Careful not to make it too heavy Ice.


----------



## icerock drywall (Nov 13, 2010)

Kiwiman said:


> Careful not to make it too heavy Ice.


its not...thanks


----------



## icerock drywall (Nov 13, 2010)

this one is my dry bango...but my new one will do both


----------



## icerock drywall (Nov 13, 2010)

machinemud said:


> That is cool ice ! Try to create an auto-cutter for the homax !


I will work on that ...:yes:


----------



## icerock drywall (Nov 13, 2010)

if this could hold mud and a roll of tape


----------



## icerock drywall (Nov 13, 2010)

when I dry tape I run a LITTLE water in my banjo...keeps fibas wet...

I think its time to play:yes:


----------



## icerock drywall (Nov 13, 2010)

Kiwiman said:


> Careful not to make it too heavy Ice.


its made from thin aluminium:yes:


----------



## icerock drywall (Nov 13, 2010)

bad news ...the ff is so strong it cut a hole in the banjo there the tape comes outlooks like I need to make a new one and scrap the homex the plastic cover.


----------



## Kiwiman (Jun 14, 2008)

icerock drywall said:


> bad news ...the ff is so strong it cut a hole in the banjo there the tape comes outlooks like I need to make a new one and scrap the homex the plastic cover.
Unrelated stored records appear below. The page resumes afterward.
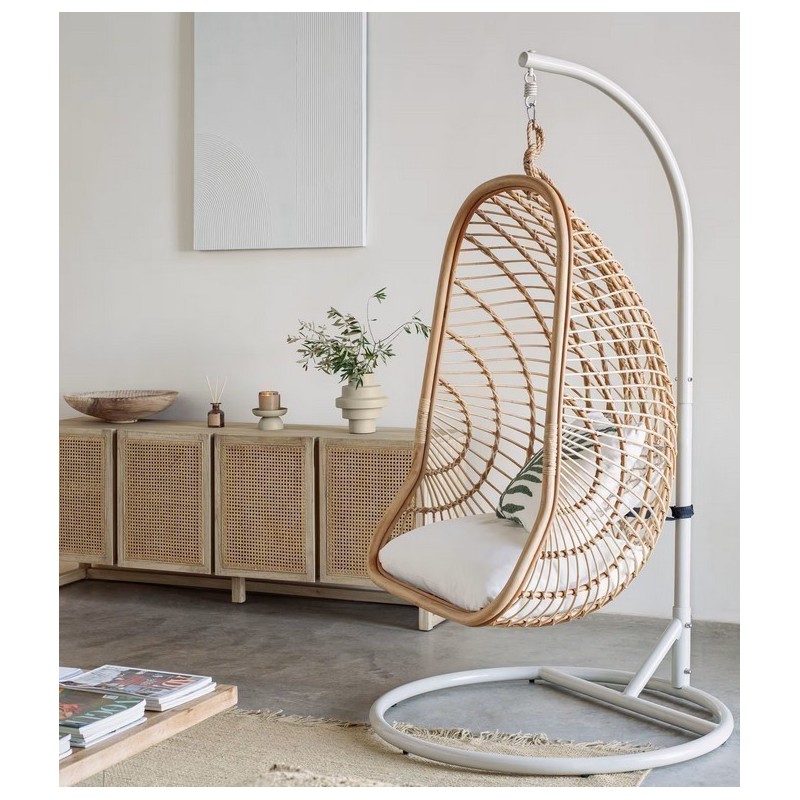Kate Hängesessel aus natürlichem Rattan und VeryForma-Stahl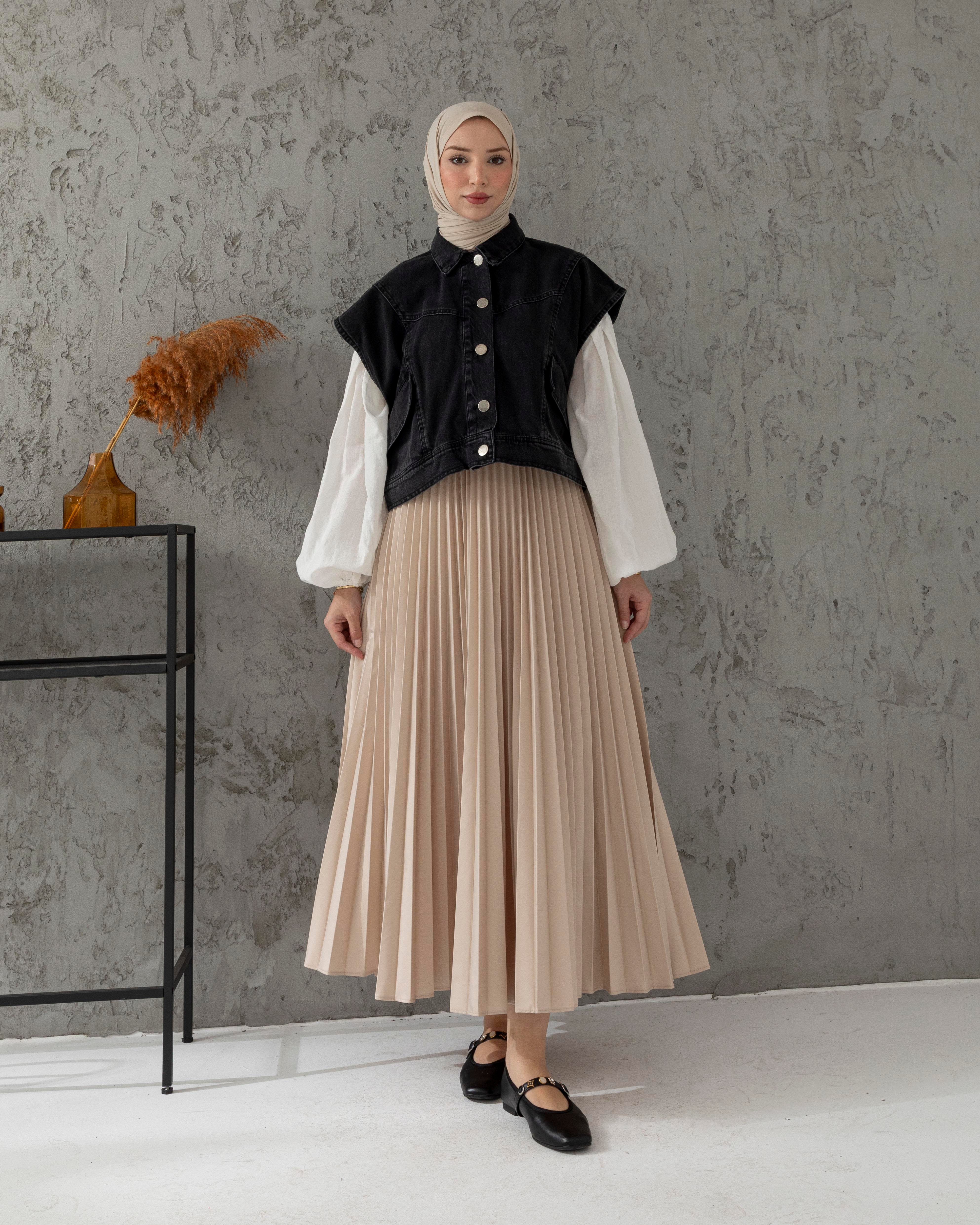 Over Kısa Siyah Denim Yelek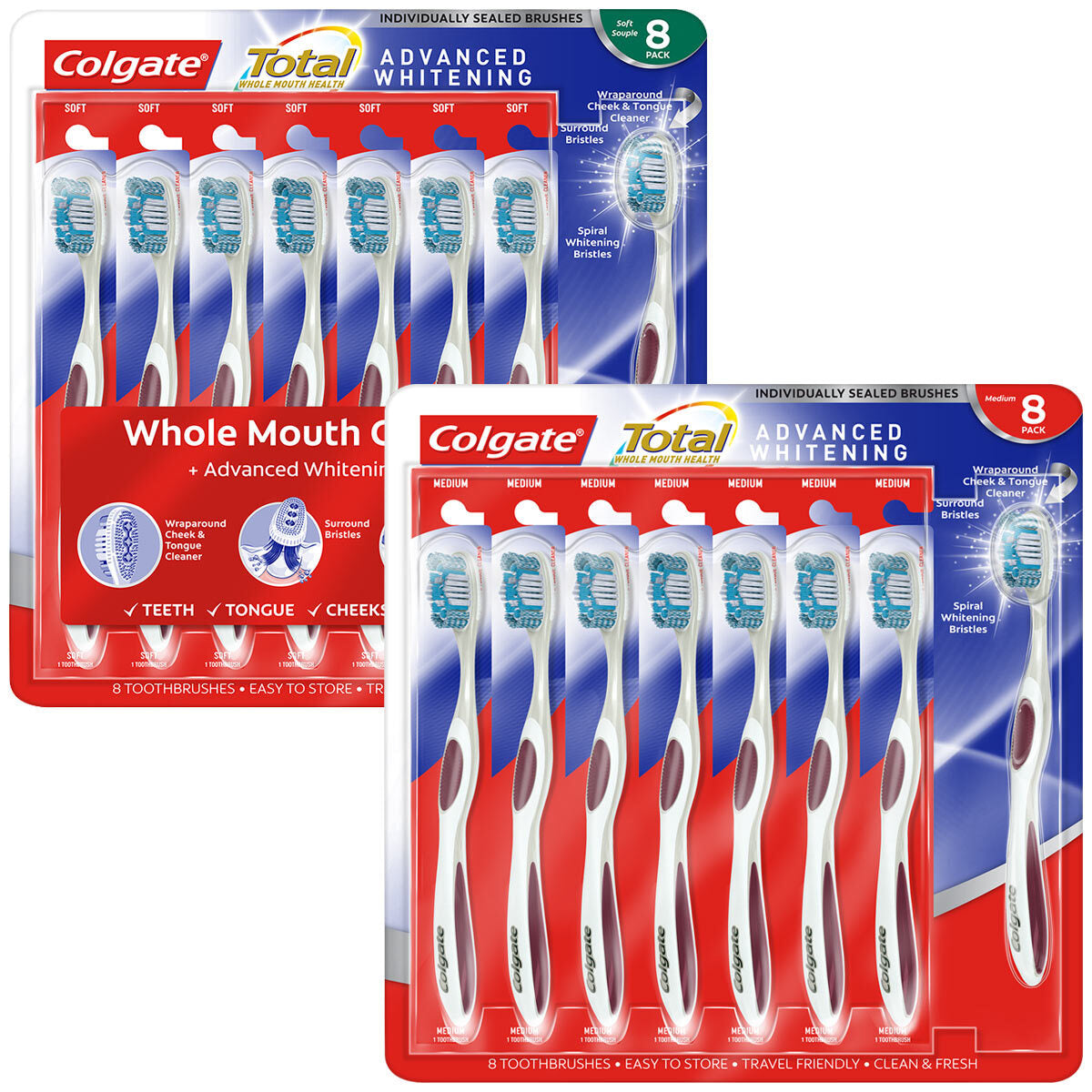 Buy now from NonynanaEssential  Colgate Total Advanced Whitening Toothbrush, 8 Pack in 2 Varieties Colgate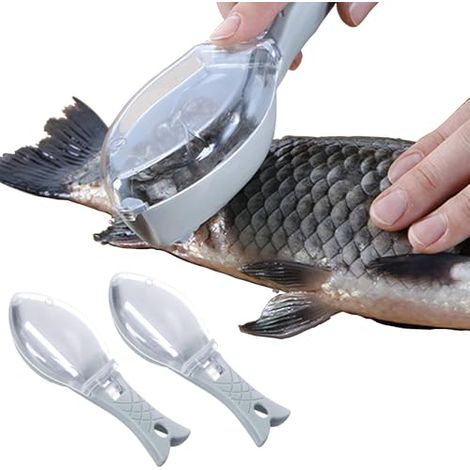 raspadores de escamas de pescado, limpiador profesional para el hogar, la cocina y el restaurante, utensilios de cocina con tapa (azul) (1/5)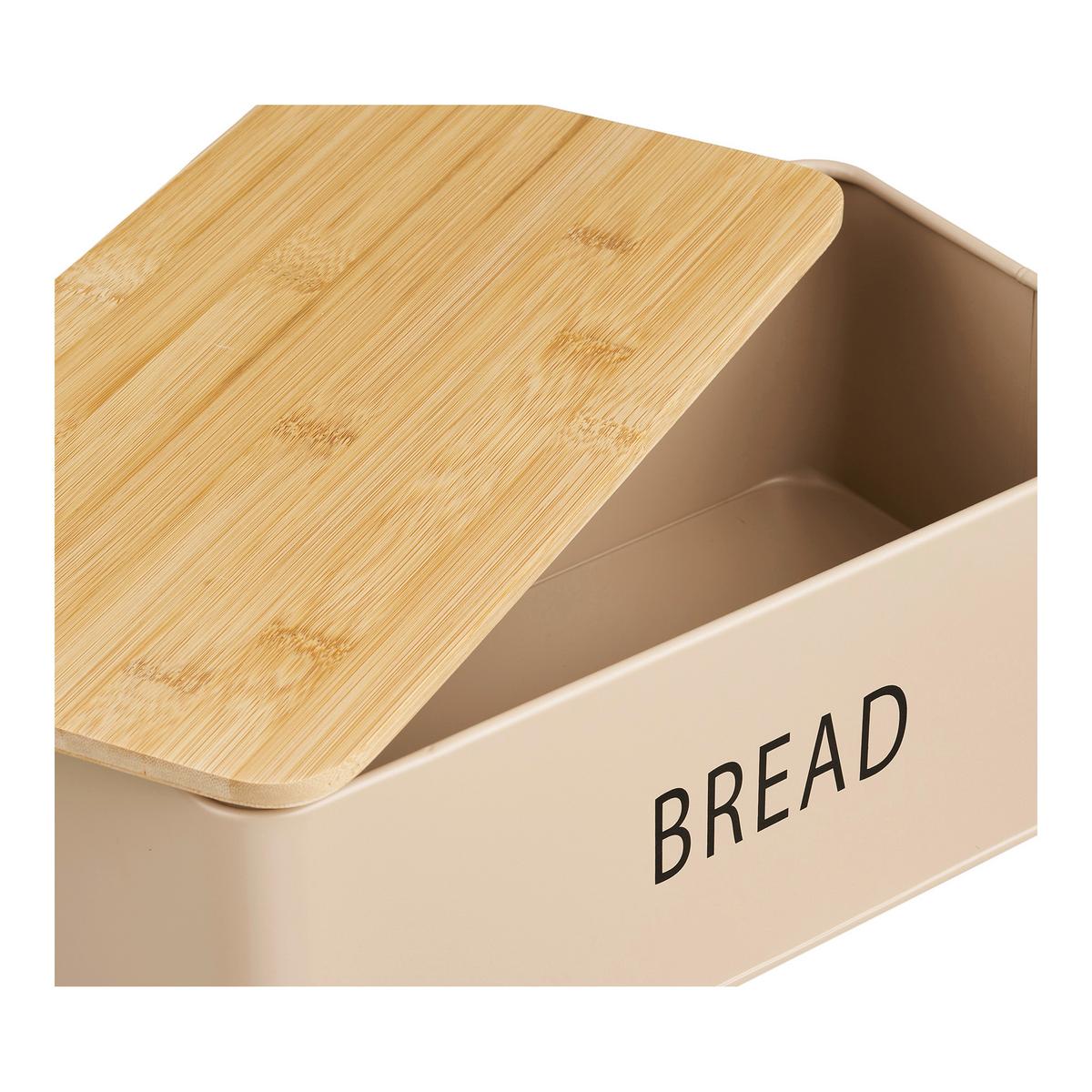 Vorratsdosenset Beige Tula Bread Box 4 -Teilig. - Beige/Naturfarben, Basics, Holz/Metall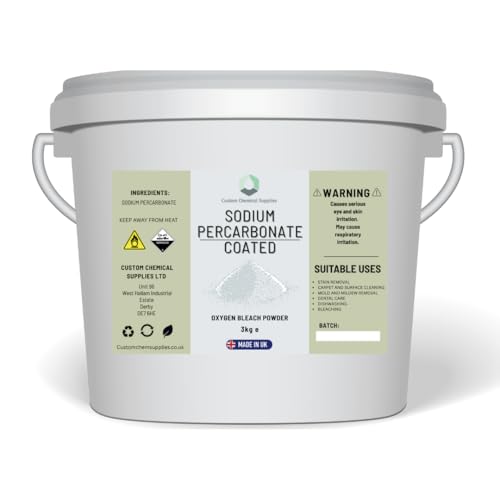 Customchem 3KG - Sodium Percarbonate Pure Granular Coated Oxygen Bleach Cleaner Stain Remover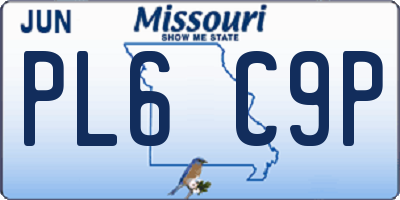 MO license plate PL6C9P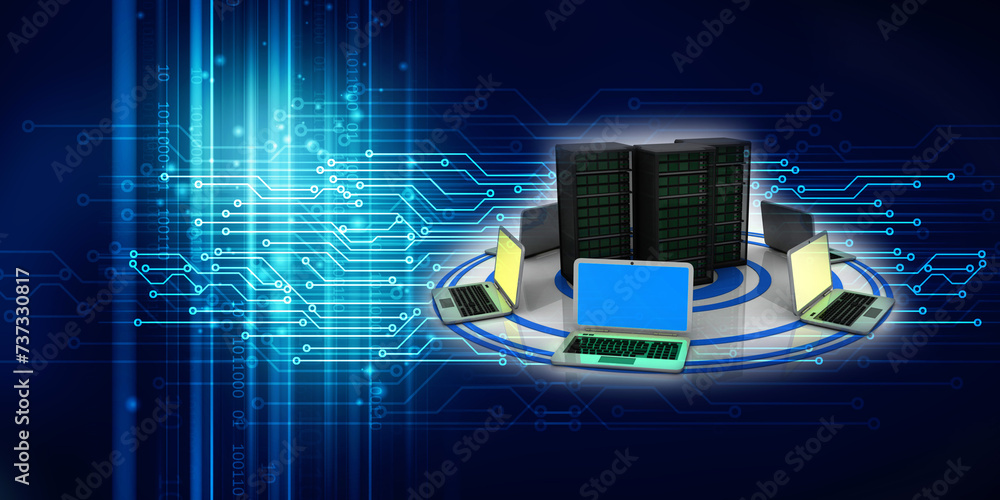 Poster 3d illustration data center server connected computer network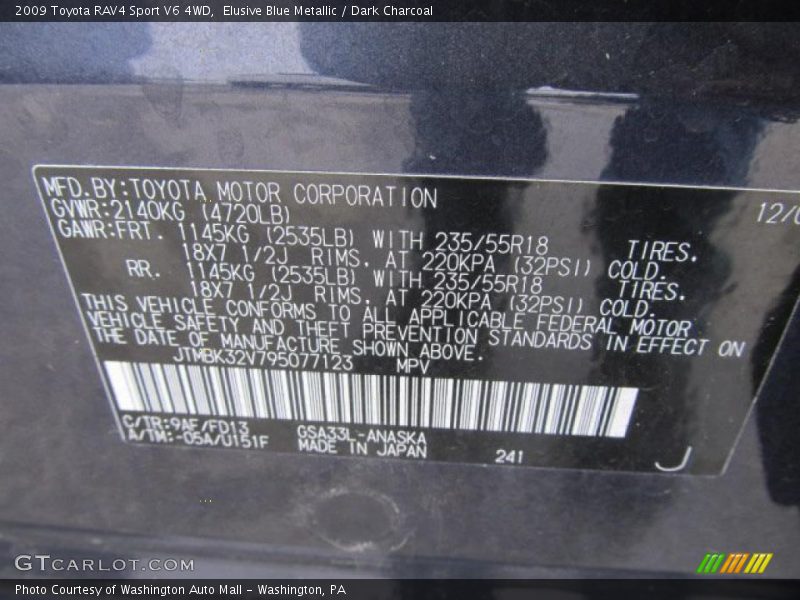 2009 RAV4 Sport V6 4WD Elusive Blue Metallic Color Code 9AF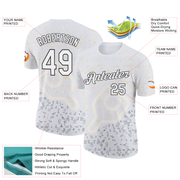 Custom White Black 3D Pickleball Paddles Balls Floral Performance T-Shirt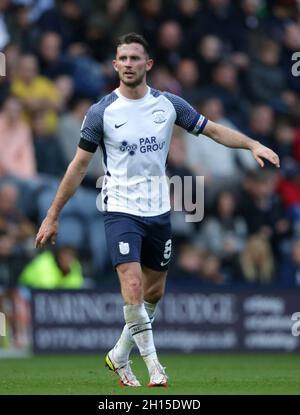 Deepdale Stadium, Preston, Lancashire, Großbritannien. Oktober 2021. EFL Championship Football, Preston North End gegen Derby County; Alan Browne von Preston North End Credit: Action Plus Sports/Alamy Live News Stockfoto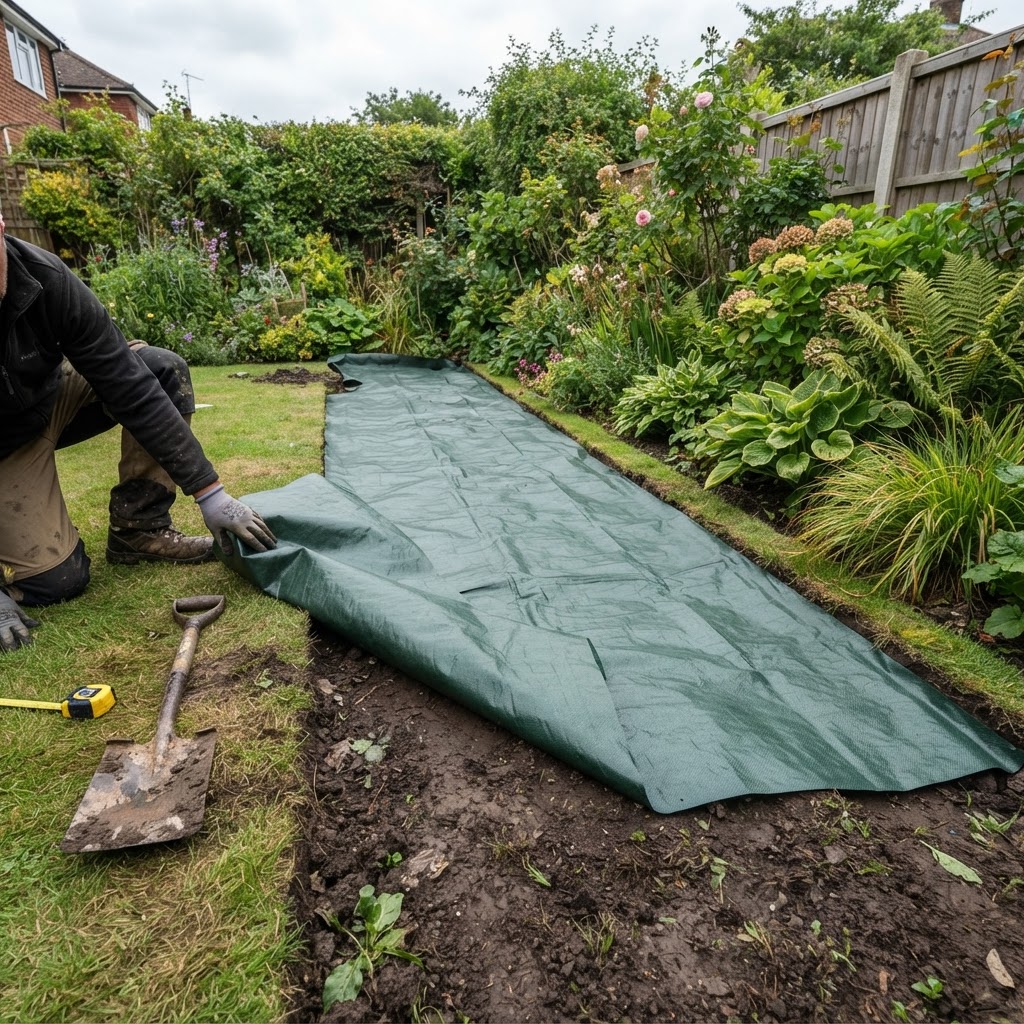 Chemical-free root barrier membrane laid out across a domestic garden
It's taking a long time to cut through my aluminium banjo Ice so maybe try putting a protective strip of metal where it's cutting the homax.


----------



## icerock drywall (Nov 13, 2010)

Kiwiman said:


> It's taking a long time to cut through my aluminium banjo Ice so maybe try putting a protective strip of metal where it's cutting the homax.


I will be doing that ...thanks. I think I need to make it so I can replace it. also need to find some new gloves...that ff is some crazy stuff.


----------



## intersound2005 (Dec 8, 2013)

I ran a whole roll of ff through my homax and it kept bunching up and wanting to tear coming out. I like the stuff but wont try angles with it again.


----------



## icerock drywall (Nov 13, 2010)

intersound2005 said:


> I ran a whole roll of ff through my homax and it kept bunching up and wanting to tear coming out. I like the stuff but wont try angles with it again.


you need to change your tip...start off with the black spacer and sand it down it cuts the ff...here is what my tip looks like


----------